### Required work
Everything from the line with "Baño de Casa" to the line with "4 SADDLEWOOD DR" in the listing below, both lines included, needs to be copied exactly, apart from the pictures.

### Records
■ ■ ■ ■ ■ ■ ■
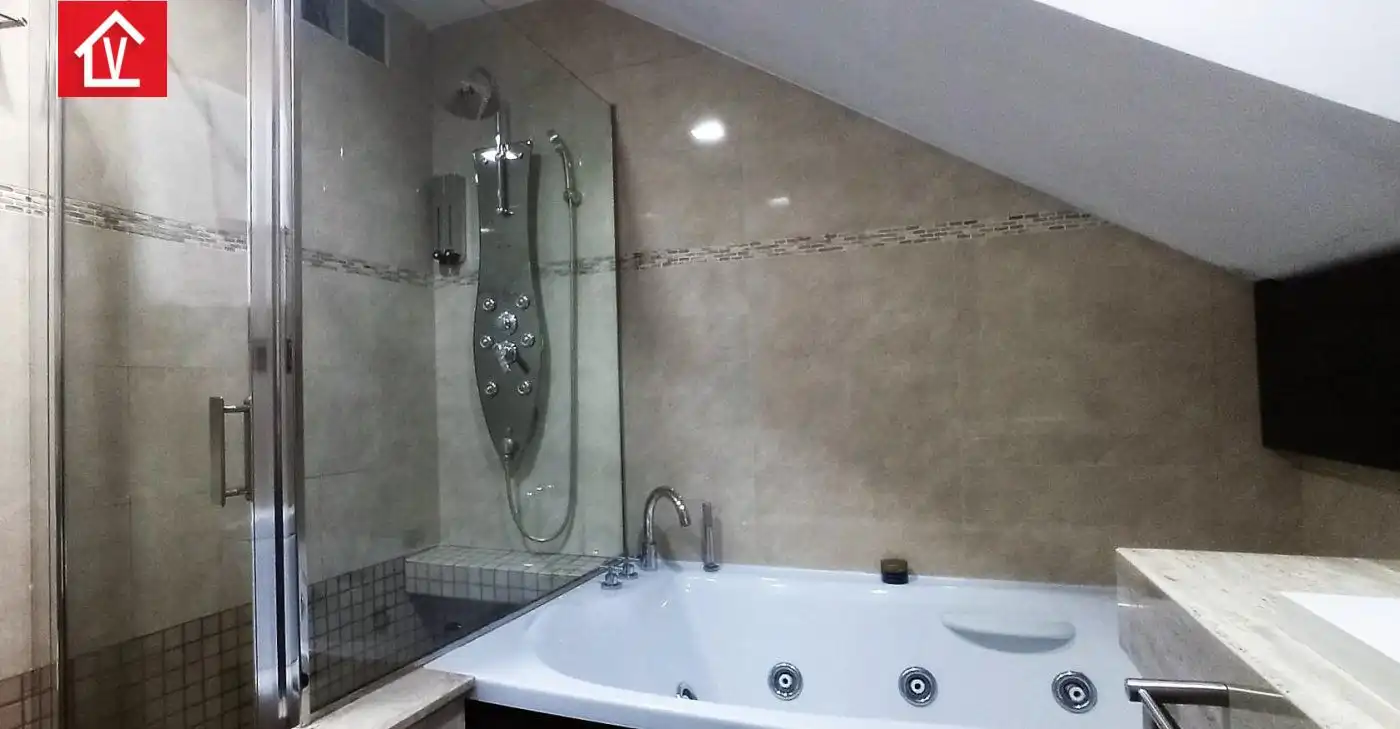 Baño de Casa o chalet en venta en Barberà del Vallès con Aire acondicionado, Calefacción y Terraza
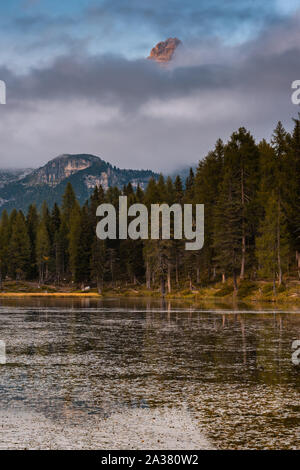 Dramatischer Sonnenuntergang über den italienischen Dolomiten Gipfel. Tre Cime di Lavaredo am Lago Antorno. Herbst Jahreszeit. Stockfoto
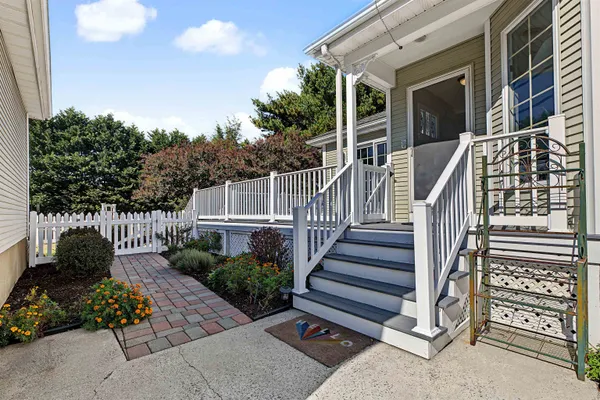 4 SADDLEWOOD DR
■ ■ ■ ■ ■ ■ ■
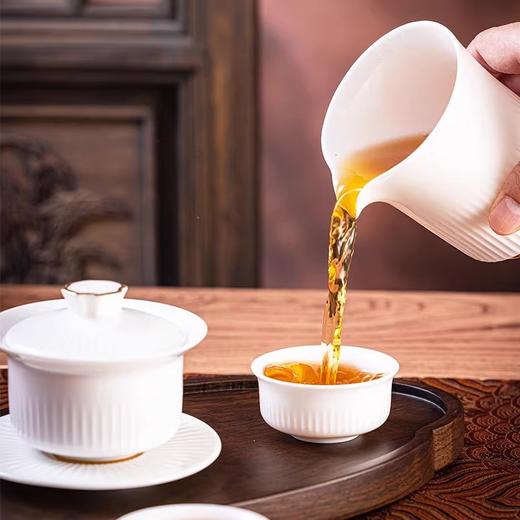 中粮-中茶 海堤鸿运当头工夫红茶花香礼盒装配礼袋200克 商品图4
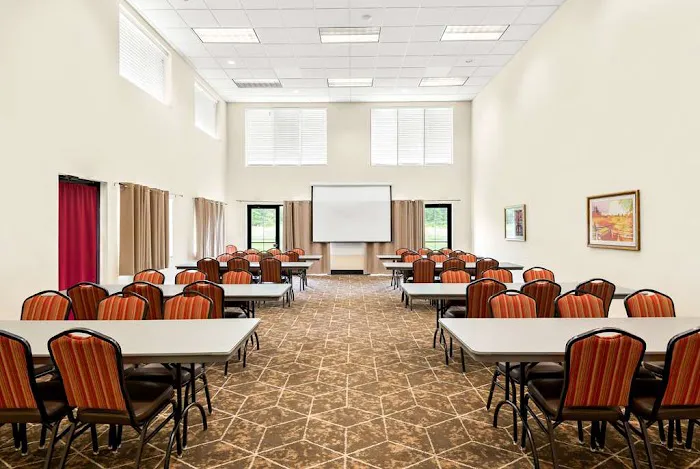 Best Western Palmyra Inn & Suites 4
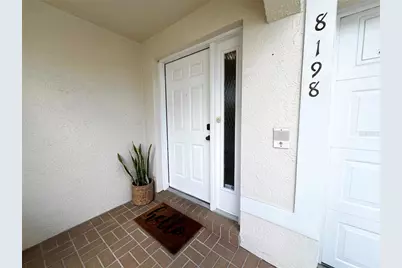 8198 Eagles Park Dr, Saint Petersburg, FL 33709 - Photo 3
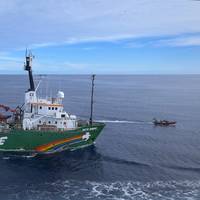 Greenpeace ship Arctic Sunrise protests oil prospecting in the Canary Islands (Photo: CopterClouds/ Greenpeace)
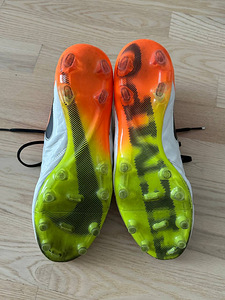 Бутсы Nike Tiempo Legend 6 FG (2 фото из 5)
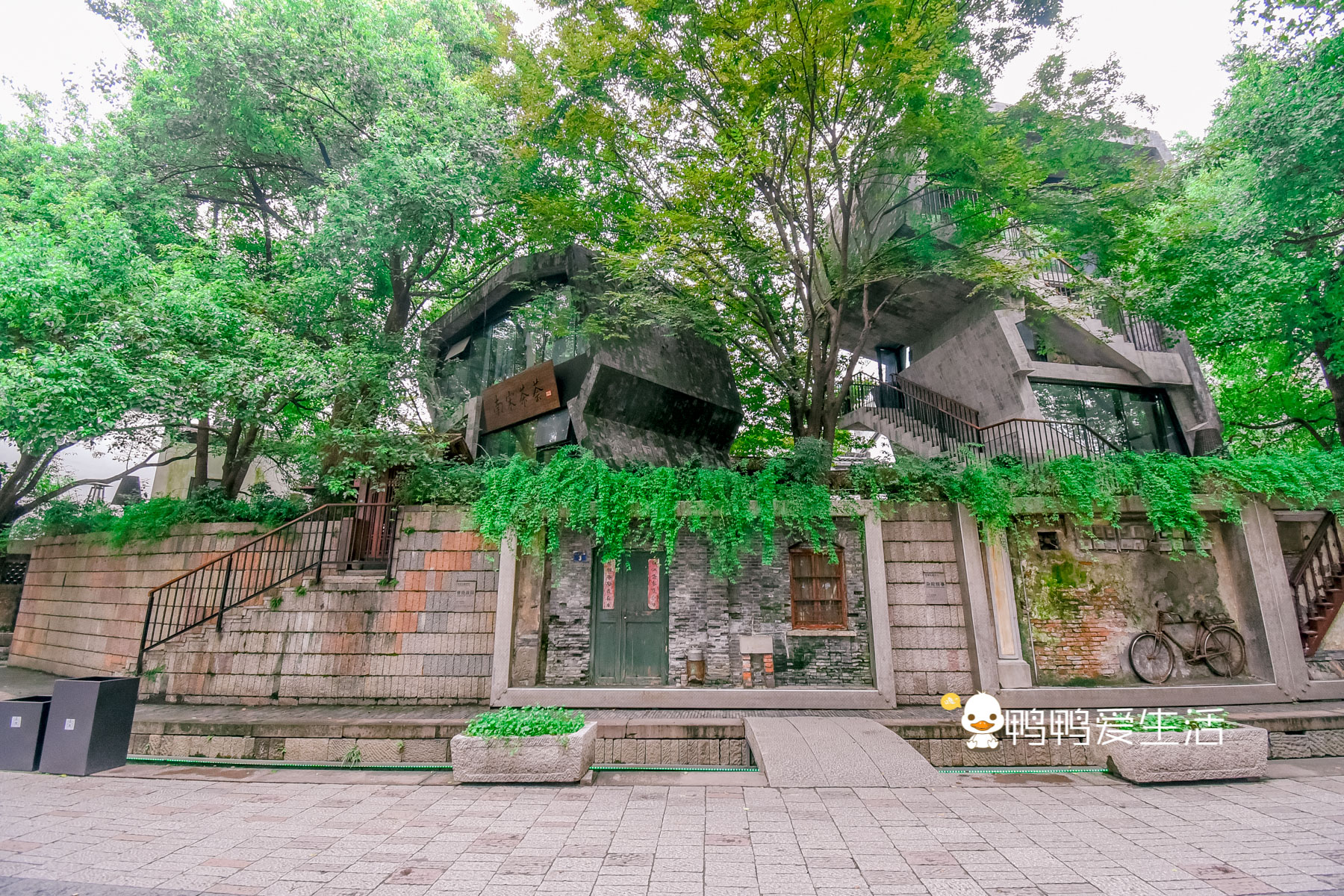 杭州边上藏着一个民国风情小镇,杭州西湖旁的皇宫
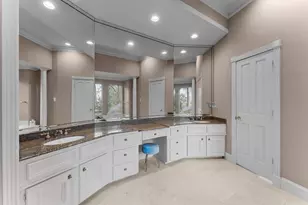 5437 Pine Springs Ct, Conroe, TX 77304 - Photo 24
■ ■ ■ ■ ■ ■ ■
### Reply
 Baño de Casa o chalet en venta en Barberà del Vallès con Aire acondicionado, Calefacción y Terraza
 Dramatischer Sonnenuntergang über den italienischen Dolomiten Gipfel. Tre Cime di Lavaredo am Lago Antorno. Herbst Jahreszeit. Stockfoto
 4 SADDLEWOOD DR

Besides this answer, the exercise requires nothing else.